West v. Maddox

69 So. 101, 193 Ala. 612, 1915 Ala. LEXIS 145
CourtSupreme Court of Alabama
DecidedJune 3, 1915
StatusPublished
Cited by4 cases

This text of 69 So. 101 (West v. Maddox) is published on Counsel Stack Legal Research, covering Supreme Court of Alabama primary law. Counsel Stack provides free access to over 12 million legal documents including statutes, case law, regulations, and constitutions.

Bluebook
West v. Maddox, 69 So. 101, 193 Ala. 612, 1915 Ala. LEXIS 145 (Ala. 1915).

Opinion

ANDERSON, O. J.

The appellant makes no point on this appeal that the cedar timber removed by the appellee Maddox was not covered by the contract of sale; that it was not merchantable timber as described in the timber contract of sale executed by the plaintff August 26th, 1910, so as to bring this case within the influence of Wright v. Bentley Co., 186 Ala. 616, 65 South. 353. The contention is that the contract of sale should be so construed as to reinvest the plaintiff with the title after the expiration of the time limit fixed in the contract within which the grantee should remove same.

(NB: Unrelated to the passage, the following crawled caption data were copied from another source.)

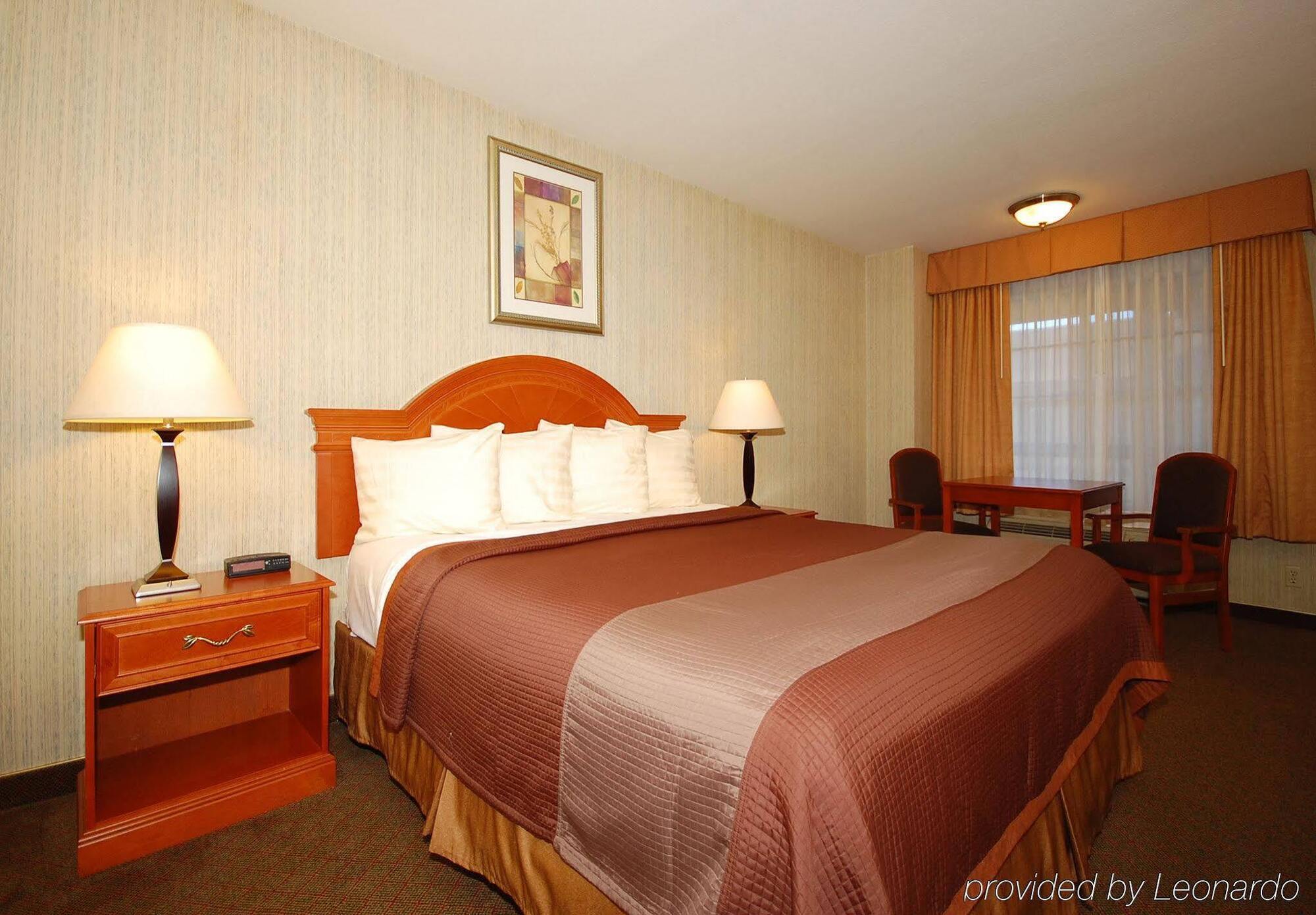 Hotel Western Airport Plaza - Angeles Lax 3*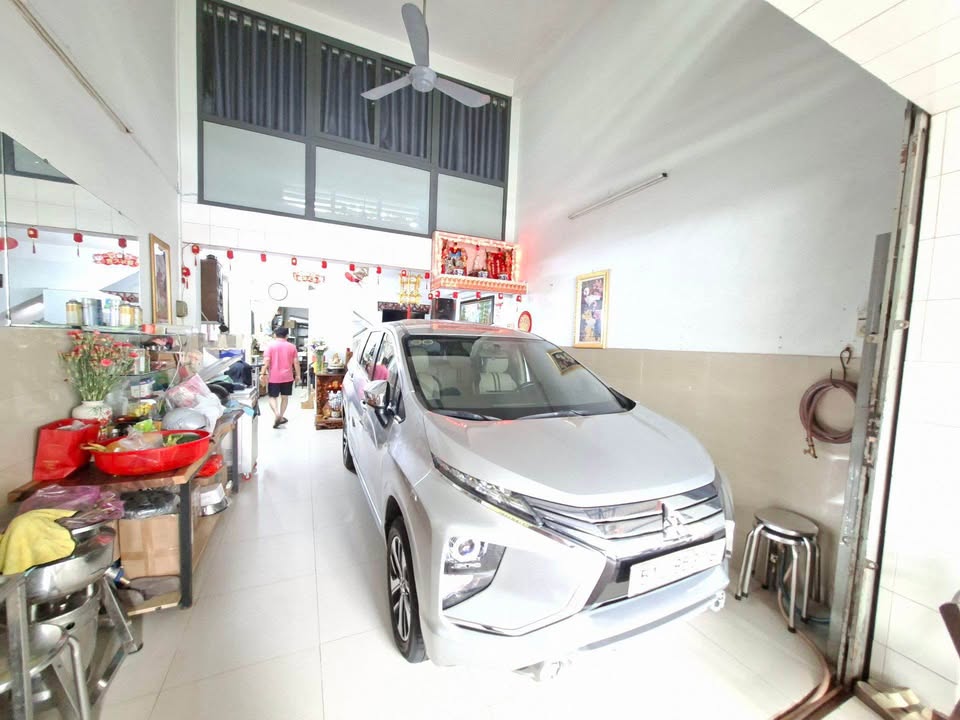 Nhà Phố Mặt Tiền Tôn Đức Thắng, Tân Bình 70m² - Kinh doanh đỉnh!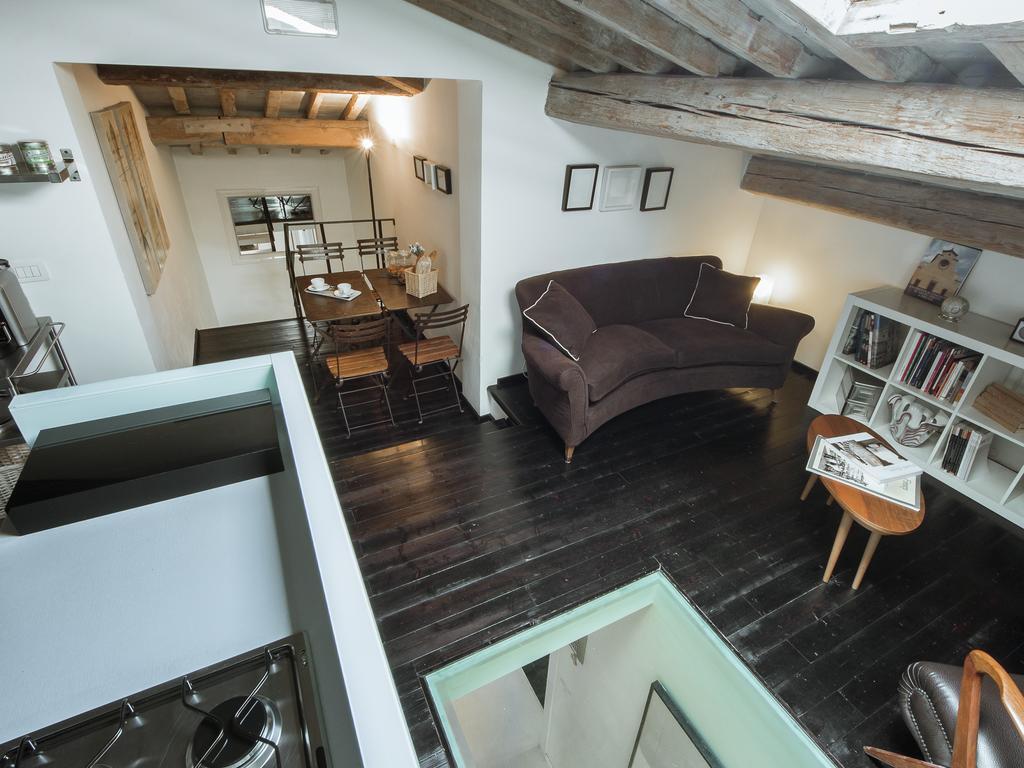 Florence-floroom Pavone *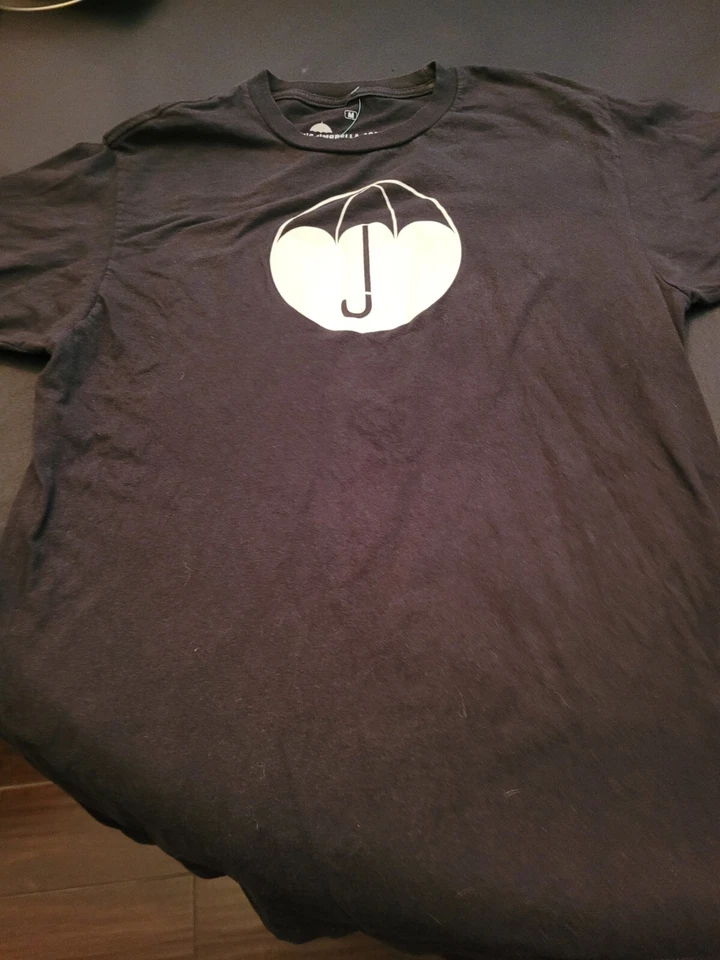Camiseta The Umbrella Academy - Negra - Mediana Foto 2 de 2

This question has been decided adversely to this contention in the case of Zimmerman Co. v. Daffin, 149 Ala. 380, 42 South. 858, 9 L. R. A. (N. S.) 663, 123 Am. St. Rep. 58, and which said case has been repeatedly cited and followed by this court. See Shepherd v. Mt. Vernon Co., 192 Ala. 322, 68 South. 880. It is true this case is opposed by the decisions of many of the courts, yet it is supported by a considerable number also, and we are not disposed to overrule same, as it is stare decisis. The Daffin Case, supra,, was decided and followed several years before the execution of this contract, and the [614]*614parties thereto presumptively entered into the same subject to the construction placed upon similar ones by the decisions of this court. As the plaintiff had no interest in or title to the cedar timber in question, the trial court did not err in giving the general charge as to said cedar timber for the defendants.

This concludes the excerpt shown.